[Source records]
_ _ _ _

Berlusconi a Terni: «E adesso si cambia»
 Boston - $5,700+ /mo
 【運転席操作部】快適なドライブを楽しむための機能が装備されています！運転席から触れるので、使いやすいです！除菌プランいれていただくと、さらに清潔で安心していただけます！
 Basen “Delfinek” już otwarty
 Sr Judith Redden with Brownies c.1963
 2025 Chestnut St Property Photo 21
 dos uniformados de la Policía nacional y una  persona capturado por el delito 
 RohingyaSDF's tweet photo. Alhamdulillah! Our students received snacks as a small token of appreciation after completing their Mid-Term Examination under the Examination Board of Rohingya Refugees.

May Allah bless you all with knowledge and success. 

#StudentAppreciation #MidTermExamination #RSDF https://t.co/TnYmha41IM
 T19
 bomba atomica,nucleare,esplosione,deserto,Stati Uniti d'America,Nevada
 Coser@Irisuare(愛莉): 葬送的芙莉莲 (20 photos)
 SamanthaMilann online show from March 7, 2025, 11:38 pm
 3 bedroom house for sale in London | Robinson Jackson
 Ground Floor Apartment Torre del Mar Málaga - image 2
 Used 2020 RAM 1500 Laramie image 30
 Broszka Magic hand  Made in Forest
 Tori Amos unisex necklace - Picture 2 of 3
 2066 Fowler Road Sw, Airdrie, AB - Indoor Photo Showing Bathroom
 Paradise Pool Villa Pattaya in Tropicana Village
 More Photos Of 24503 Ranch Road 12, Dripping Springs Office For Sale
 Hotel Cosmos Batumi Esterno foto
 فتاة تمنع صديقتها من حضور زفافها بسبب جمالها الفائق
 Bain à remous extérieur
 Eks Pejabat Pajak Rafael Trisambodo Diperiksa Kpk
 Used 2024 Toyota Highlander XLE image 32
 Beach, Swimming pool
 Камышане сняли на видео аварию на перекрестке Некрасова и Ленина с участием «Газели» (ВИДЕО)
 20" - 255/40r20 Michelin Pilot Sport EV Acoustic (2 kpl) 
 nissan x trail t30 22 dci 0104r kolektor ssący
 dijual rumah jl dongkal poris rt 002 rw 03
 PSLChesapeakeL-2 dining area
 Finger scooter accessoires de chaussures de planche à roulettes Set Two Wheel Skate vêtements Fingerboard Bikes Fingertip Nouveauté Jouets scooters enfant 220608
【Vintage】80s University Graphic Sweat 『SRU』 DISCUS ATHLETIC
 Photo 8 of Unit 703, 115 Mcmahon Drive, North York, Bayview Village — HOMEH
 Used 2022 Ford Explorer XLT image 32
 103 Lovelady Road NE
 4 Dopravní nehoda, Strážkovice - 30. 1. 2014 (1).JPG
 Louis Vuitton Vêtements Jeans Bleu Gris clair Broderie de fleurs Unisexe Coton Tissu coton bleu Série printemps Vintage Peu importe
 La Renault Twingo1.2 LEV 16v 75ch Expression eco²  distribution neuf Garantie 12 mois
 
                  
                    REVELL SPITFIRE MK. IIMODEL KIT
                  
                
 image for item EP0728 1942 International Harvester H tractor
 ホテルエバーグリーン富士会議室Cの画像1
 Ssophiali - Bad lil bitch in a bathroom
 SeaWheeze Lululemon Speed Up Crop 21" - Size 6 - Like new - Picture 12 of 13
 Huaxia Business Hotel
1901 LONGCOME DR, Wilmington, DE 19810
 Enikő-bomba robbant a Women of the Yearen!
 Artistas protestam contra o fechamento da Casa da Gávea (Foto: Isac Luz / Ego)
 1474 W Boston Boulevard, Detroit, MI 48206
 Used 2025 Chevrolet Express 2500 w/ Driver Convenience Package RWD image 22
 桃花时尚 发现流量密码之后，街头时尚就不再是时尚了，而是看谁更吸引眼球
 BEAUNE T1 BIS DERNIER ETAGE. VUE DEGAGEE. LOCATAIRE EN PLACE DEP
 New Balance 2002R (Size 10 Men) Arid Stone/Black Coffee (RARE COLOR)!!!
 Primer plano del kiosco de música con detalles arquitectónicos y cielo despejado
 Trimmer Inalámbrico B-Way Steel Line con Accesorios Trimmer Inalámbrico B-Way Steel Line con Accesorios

_ _ _ _

## REQUIREMENT
Of the entries above, transcribe exactly those lines that fall between the line containing "bomba atomica,nucleare,esplosione,deserto,Stati Uniti" and the line containing "Finger scooter accessoires", together with those two lines.

## EXERCISE SOLUTION
 bomba atomica,nucleare,esplosione,deserto,Stati Uniti d'America,Nevada
 Coser@Irisuare(愛莉): 葬送的芙莉莲 (20 photos)
 SamanthaMilann online show from March 7, 2025, 11:38 pm
 3 bedroom house for sale in London | Robinson Jackson
 Ground Floor Apartment Torre del Mar Málaga - image 2
 Used 2020 RAM 1500 Laramie image 30
 Broszka Magic hand  Made in Forest
 Tori Amos unisex necklace - Picture 2 of 3
 2066 Fowler Road Sw, Airdrie, AB - Indoor Photo Showing Bathroom
 Paradise Pool Villa Pattaya in Tropicana Village
 More Photos Of 24503 Ranch Road 12, Dripping Springs Office For Sale
 Hotel Cosmos Batumi Esterno foto
 فتاة تمنع صديقتها من حضور زفافها بسبب جمالها الفائق
 Bain à remous extérieur
 Eks Pejabat Pajak Rafael Trisambodo Diperiksa Kpk
 Used 2024 Toyota Highlander XLE image 32
 Beach, Swimming pool
 Камышане сняли на видео аварию на перекрестке Некрасова и Ленина с участием «Газели» (ВИДЕО)
 20" - 255/40r20 Michelin Pilot Sport EV Acoustic (2 kpl) 
 nissan x trail t30 22 dci 0104r kolektor ssący
 dijual rumah jl dongkal poris rt 002 rw 03
 PSLChesapeakeL-2 dining area
 Finger scooter accessoires de chaussures de planche à roulettes Set Two Wheel Skate vêtements Fingerboard Bikes Fingertip Nouveauté Jouets scooters enfant 220608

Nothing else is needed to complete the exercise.